Task details -> Using the material below, repeat exactly the lines from the one with "The Art of Life - Paperback" through the one with "GreenToolsTECH breigaffel", ends included, without any images.

Information ->
——

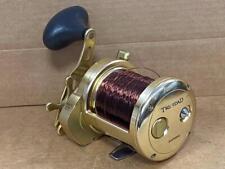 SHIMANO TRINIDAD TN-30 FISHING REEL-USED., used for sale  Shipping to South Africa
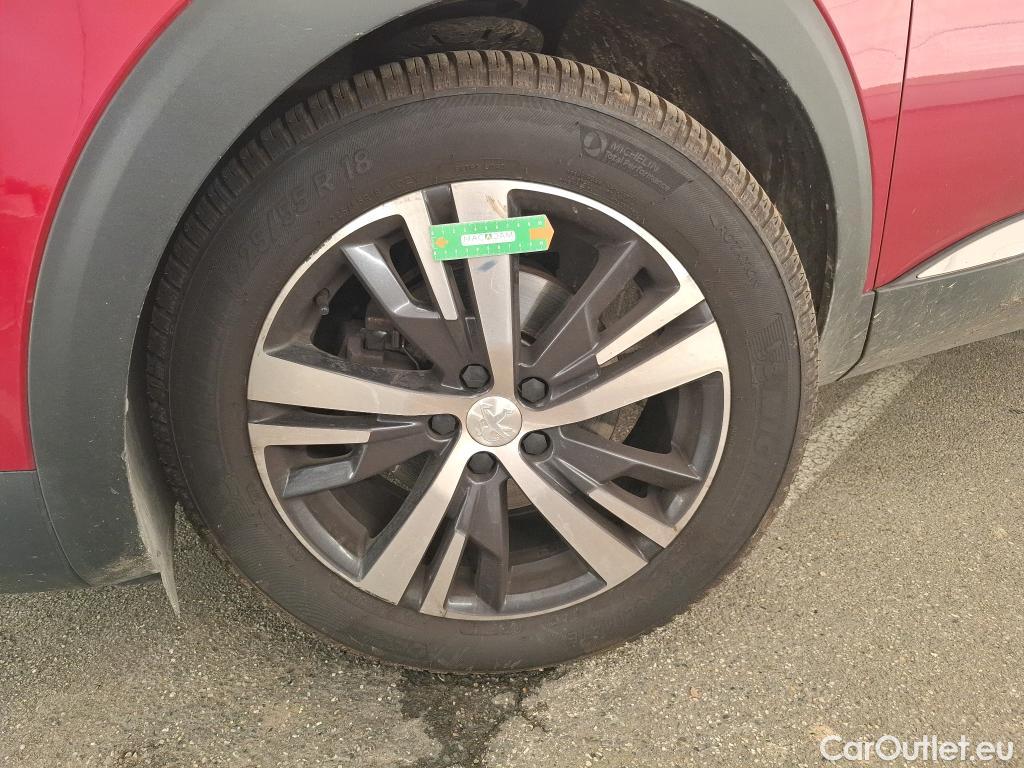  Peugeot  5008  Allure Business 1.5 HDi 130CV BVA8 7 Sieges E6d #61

——

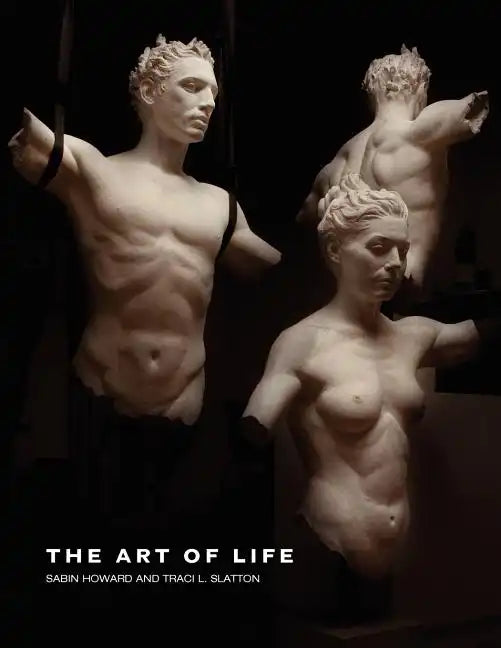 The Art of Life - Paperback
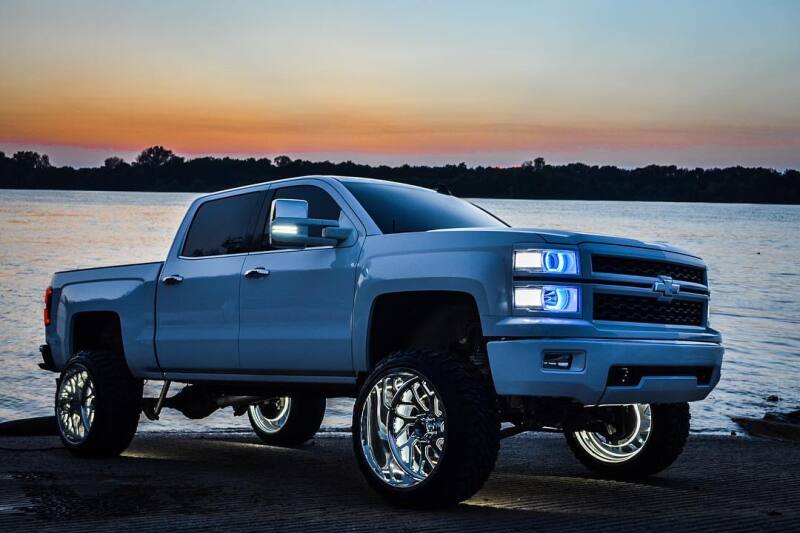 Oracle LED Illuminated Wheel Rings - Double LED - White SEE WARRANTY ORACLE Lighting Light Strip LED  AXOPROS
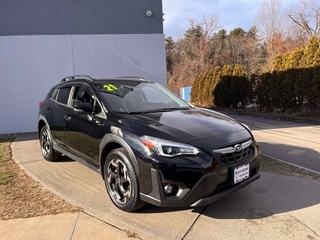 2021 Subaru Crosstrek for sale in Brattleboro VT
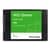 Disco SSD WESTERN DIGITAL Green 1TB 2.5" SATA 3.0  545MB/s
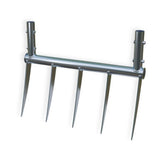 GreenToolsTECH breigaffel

——

Response ->
 The Art of Life - Paperback
 Oracle LED Illuminated Wheel Rings - Double LED - White SEE WARRANTY ORACLE Lighting Light Strip LED  AXOPROS
 2021 Subaru Crosstrek for sale in Brattleboro VT
 Disco SSD WESTERN DIGITAL Green 1TB 2.5" SATA 3.0  545MB/s
 GreenToolsTECH breigaffel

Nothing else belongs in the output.